If you haven’t seen it on the WPR front page yet, give John Nagl’s and Brian Burton’s piece on the need for building civilian institutional capacity for counterinsurgency and nation-building operations a look. Obviously conflict zones are going to command a great deal of American attention and resources in the years ahead, and as Nagl and Burton make clear, unless civilian agencies adapt their training and institutional orientation, they will increasingly see their expertise farmed out to, or absorbed by, the military. As the article also makes clear, the necessary adaptation won’t take place until these agencies are funded and staffed to a level appropriate with their essential contributions to these kinds of interventions.
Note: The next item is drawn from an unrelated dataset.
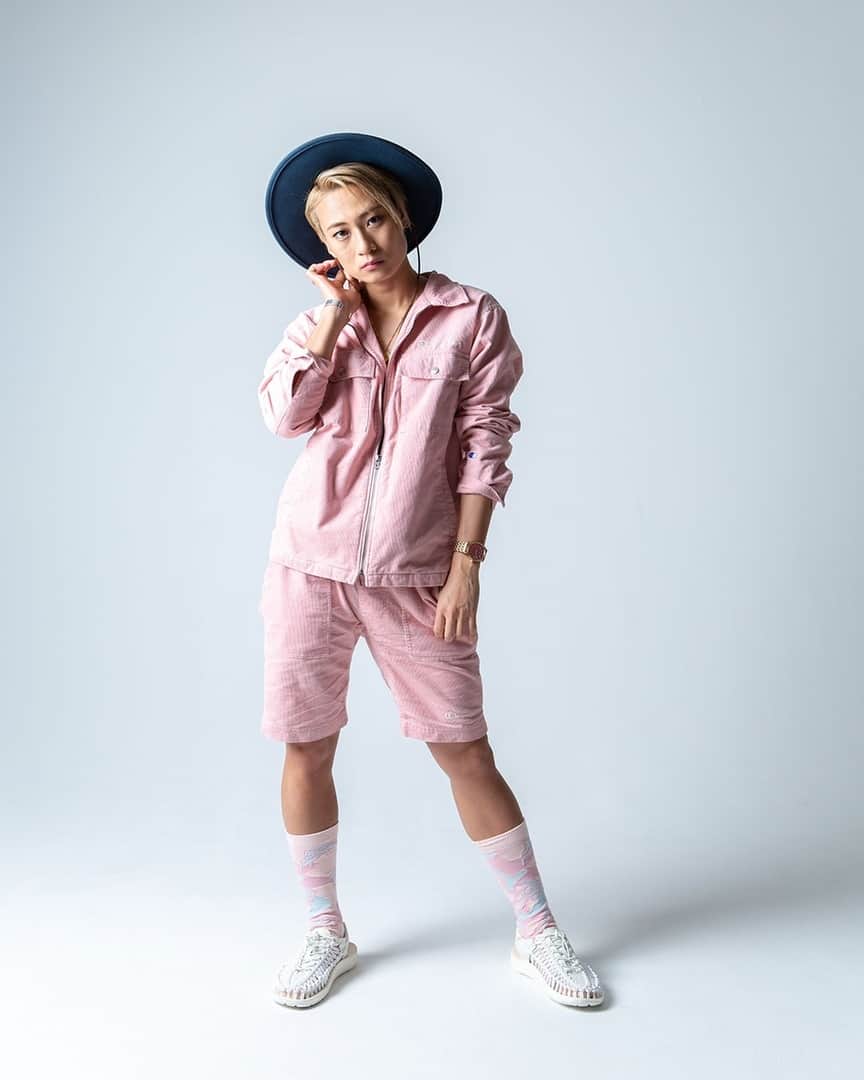 Stanceさんのインスタグラム写真 - (StanceInstagram)「Socks and sandals: one of the more polarizing fashion trends of late. You're either for it, or adamantly against it. Obviously, it's a discussion that hits close to home for us. Thankfully, @stance_japan has taken on the topic once again with the next installment of Socks and Sandals: an experiment in styling your favorite Stance designs with none other than a trusty pair of sandals, perfect for these hot summer days. ☀️ 😎 Swipe through for all the looks, and follow along with @stance_japan for more. 🧦 #StanceJapan」8月13日 9時30分 - stanceofficial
The piece emphasizes the need for more interagency “integration” of operations, but one question it leaves unanswered is who ultimately will play the overall coordinating role:

. . .The demands of large-scale counterinsurgency and reconstruction in Afghanistan and Iraq are increasingly clear: The United States must integrate civilian reconstruction expertise with military force in conflict zones. Ad hoc measures, like the establishment of the civil-military Provincial Reconstruction Teams in Afghanistan and Iraq, were an important step towards creating this capability but are an incomplete solution. Recent State Department-led initiatives, which include the establishment of the Civilian Response Corps as well as the Office of the Coordinator for Reconstruction and Stabilization (CRS) and the Interagency Counterinsurgency Initiative, represent an effort to establish effective civilian control of the political, economic, and social dimensions of nation-building operations.

One of the problems identified with the PRT’s is that, lacking any uniform command structure, they are essentially coordinated by the agency controlling the funding stream. More often than not these days, that’s the Pentagon. As Nagl and Burton put it, the State Dept. initiative is only a first step. An overarching conceptual framework of how interagency integration functions might be a useful second one.